Understanding our faith

The Evening Mass of the Lord’s Supper – Holy Thursday

We are now past the midway point of Lent.  And we are moving towards the great feast of our year – the three holy days of Holy Thursday, Good Friday and Holy Saturday/Easter Sunday.

We are already aware, I am sure, that these three days are not separate feasts but make up the one feast over three days.  For this reason, the word Triduum is used to describe them.  It is a Latin word which means the three days are one!  The three days are calculated from the evening of Holy Thursday to the evening of Easter Sunday.

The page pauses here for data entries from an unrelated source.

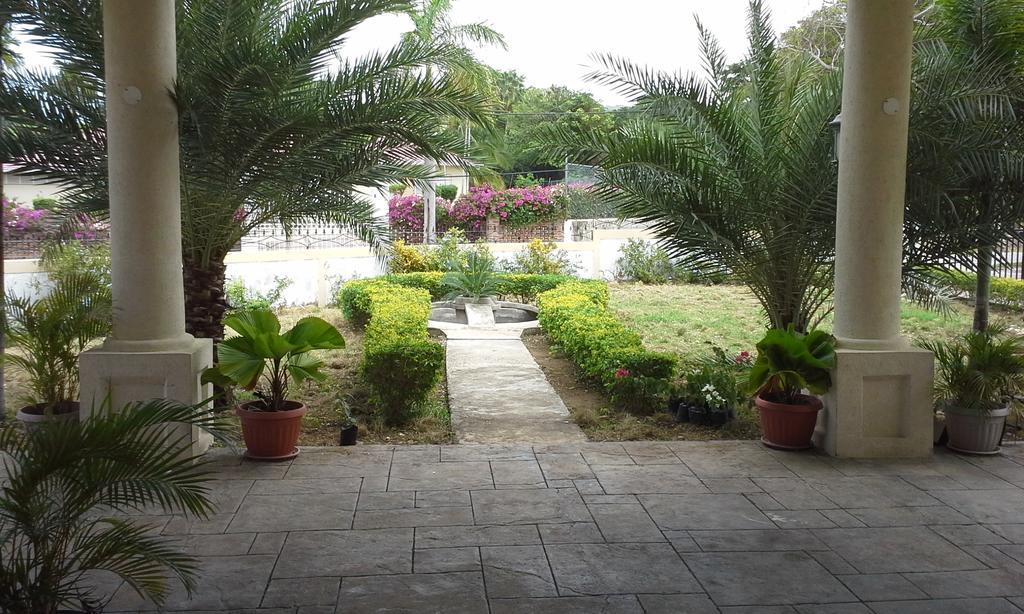 Guest House Villa Mishkan Runaway Bay Buitenkant foto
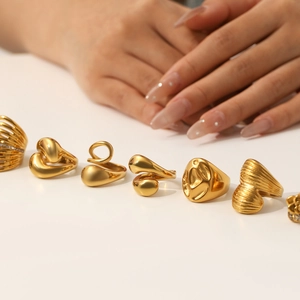 Détails macro de bagues épaisses plaquées or 18 carats aux motifs géométriques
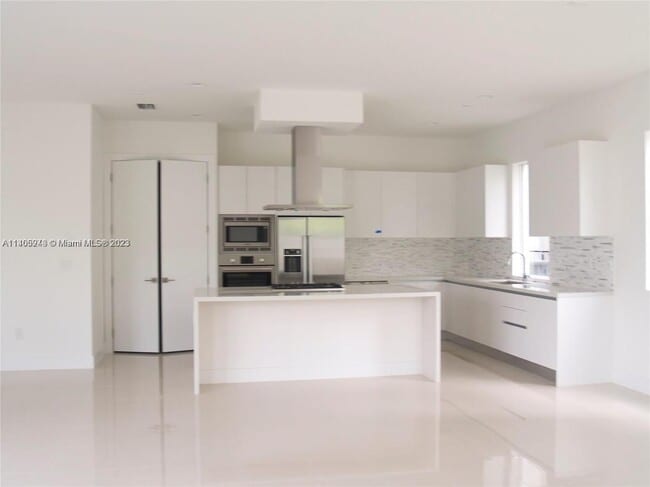 Building Photo - 7453 NW 99th Pl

The three days celebrate Jesus giving over of himself to his death and through that death into the hands of the Father who raises him from the dead.  At the Last Supper, Jesus expresses the meaning of his death in his very words ‘This is my body given for you’, ‘This is the cup of my blood shed for you’.  Those words express the gift of himself to us even unto death.  So, they are intimately linked with what happens the next day on the cross where that actual death takes place.  Those words at the Supper link the Last Supper to his death on the cross.  And in our celebration of the Eucharist, those same words link our Eucharist to the gift of himself for us.  So, the celebration of Holy Thursday is incomplete without the celebration of Good Friday – the two fit together.  This is the ultimate reason why we do not have the celebration of the Eucharist on Good Friday but rather we have communion by means of bread consecrated at the Evening Mass of the Last Supper on Holy Thursday.

On Holy Thursday, the second reading from St Paul is about the Eucharist (1 Corinthians 11:23-26), but the gospel is about Jesus washing his disciples’ feet.  It is again an action in which he is giving himself to them in an action that they did not at first appreciate as is evidenced in Peter’s reply to Jesus (John 13:6-9).  But they, and we, are being shown the newness of God as shown to us in Christ.

After Mass, the consecrated Eucharist is taken to what is called the Altar of Repose, in a quiet part of the Church where people can spend time in quiet prayer.  This is also part of the celebration of these three days.  It is the time when we commemorate the suffering of Jesus in the garden of Gethsemane.  He asks his first disciples to wait and keep awake with him (Matthew 26:28, 40; Mark 14:36).  And so, we his present disciples are offered this time to wait and watch with him in prayer.